His gaze finally cut to mine. Slowly. “Then don’t stand against a thin piece of mesh dressed like that.”

Mm. I’d rather be hunted by the man than the cat.

I folded my arms, the cotton of my tank top a thin, useless barrier against the sharpening chill.

“Well,” I said softly. “That was educational.”

He turned to look at me. “You’re pretending to be very calm.”

“I am choosing to assume you had that under control.”

“I did.”

“I suspected as much.” My pulse was still hammering against my ribs.

The silence that rushed back in was heavier than before. Nick finally holstered his sidearm, the metallic click final and sharp. He didn't move away. He stayed in my personal space, his heat a steady, grounding force against the sudden chill of the night air.

“Your pupils are blown,” he said.

“That seems like an observation you should keep to yourself.”

“It’s adrenaline.”

“I’m aware.”

“Adrenaline makes people reckless.”

I forced my hands to go still at my sides. “You’re not exactly relaxed either.”

“You’re shaking,” he noted.

“Adrenaline,” I said. “It has to go somewhere.”

His gaze moved over my face, down to my mouth, then away with visible effort.

There.

Apparently, it wanted to go there.

“Not outside,” he said.

“Obviously.”

“Not near an unsecured opening.”

“It’s latched.”

His eyes lifted to mine. “I noticed.”

He took a step closer. The floorboard gave a faint creak beneath his boot, a sound that felt unnecessarily loud in the vacuum the leopard had left behind. “I’m exactly as relaxed as I need to be to keep you alive.”

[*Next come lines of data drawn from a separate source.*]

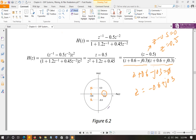Now observe this circle — this is the unit circle, meaning all points on the circle have a radius of 1. The unit circle plays an extremely important role in determining the stability of the system. Stability is determined only from the poles of the system — the location of poles. The location of zeros does not contribute to determining stability. So although you plot both poles and zeros, you only consider poles when determining stability.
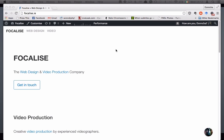Hi, this is Danica from Focalize and I'm going to show you how to make your WordPress site completely private.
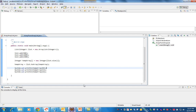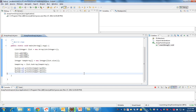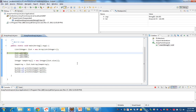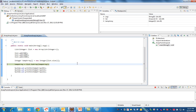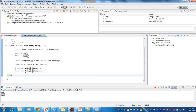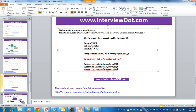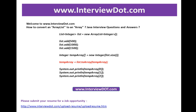Let's look at the code so you can understand it better. I'm creating a list, adding three elements to the list, and initializing an integer array with the size of the list. This is where the main conversion happens from list to array, and I'm accessing each element from the array. You can see the printout.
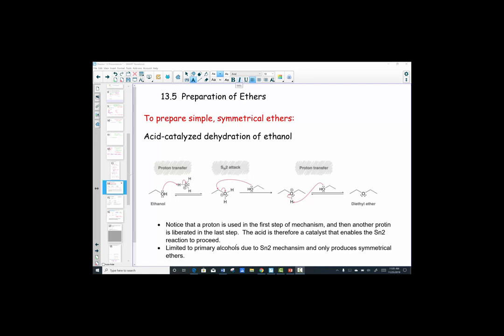Hello everyone, this is Mrs. Hansen. This is the last video lesson for chapter 13 on ethers, and it's the last video lesson for organic chemistry semester one, so we're almost there. Today's lesson is going to focus on two topics: section 5, preparation of ethers, and section 6, the reactions of ethers.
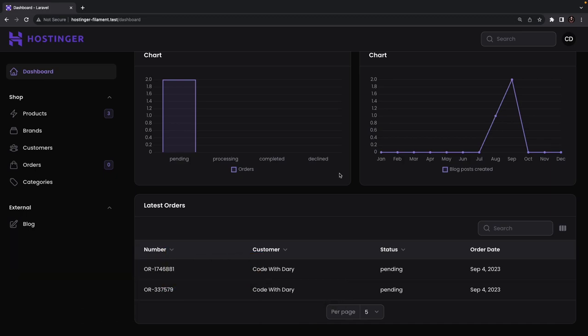For now I want to wrap up this video where we have created our dashboard using widgets, charts and tables. This was it for today's video. If you enjoy the content and you want to see more, please give this video a thumbs up. And if you're new to this channel, don't forget to hit that subscribe button. See you soon.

“Is that the professional term for looming?”

“I call it a job. One that’s getting complicated.”

Nick studied me in the dim canvas-filtered light. “You marked it first.”

“Attorney. I pay attention to things that might eat me.”

A faint laugh escaped him. My throat went dry. The adrenaline was still crackling, but the quality of it had shifted.

“Well,” I said, my pulse still sprinting long after the threat had disappeared. “That was exhilarating.”

Nick tilted his head. “You have an unusual definition of exhilarating.”

“I wasn't mauled. Low bar, but it feels appropriate.”

His eyes dropped, then lifted back to mine. “You're impossible.”

I stepped closer. The two feet of air between us was an inefficiency I didn't want to tolerate.

Nick’s hand moved. He tucked a loose strand of my hair behind my ear, his knuckles grazing the sensitive skin of my temple.

It was restrained enough to be professional and slow enough to ruin me.

My pulse spiked. I didn’t pull away. Retreat would have been sensible.

Unfortunately, every sensible part of me had stayed outside with the leopard.

“You’re welcome,” I said.

“For what?”

“Providing the evening entertainment.”

Nick’s hand stilled. “You think that was entertainment?”

“I think you enjoy the part where you get to be the calm professional in the dark. And I think”—I leaned in just enough to catch the scent of him, mint, smoked wood, and the clean heat of his skin—“you’re very good at it.”

The canvas held the night close. A breeze lifted a strand of my hair and carried it across his wrist. His hand tightened. The warmth radiating off his body was a physical pull.

Nick’s attention dipped to my mouth again. This time, he didn't look away.

My brain submitted a formal objection. I overruled it and stepped closer.

He didn't lean in. He just waited, his thumb tracing the line of my jaw, measuring exactly how much trouble I was worth.

Nick’s mouth came down on mine a second later. Adrenaline and salt.

Gravity.

My fingers curled into the front of his shirt, pulling him closer, needing the solid weight of him to ground the surge. The kiss deepened, hungry and stripped of the professional veneers we both wore like armor.

Nick pulled back a fraction. Barely. “This,” he said, his voice a rough rasp, “is a mistake.”

“Probably.”

His thumb brushed my jaw again, possessive and firm. “Away from the entrance.”

“Is that an order?”

“Yes.”

I closed the last inch between us, chest to chest, my ribs vibrating against his. “Then you should probably enforce it.”

Nick swore softly under his breath, a low sound that sent a fresh jolt through me. He didn't move away. He grabbed my waist and pulled me deeper into the tent, away from the latched canvas and everything watching from the dark.

And the leopard, somewhere out in the dark, was no longer the problem.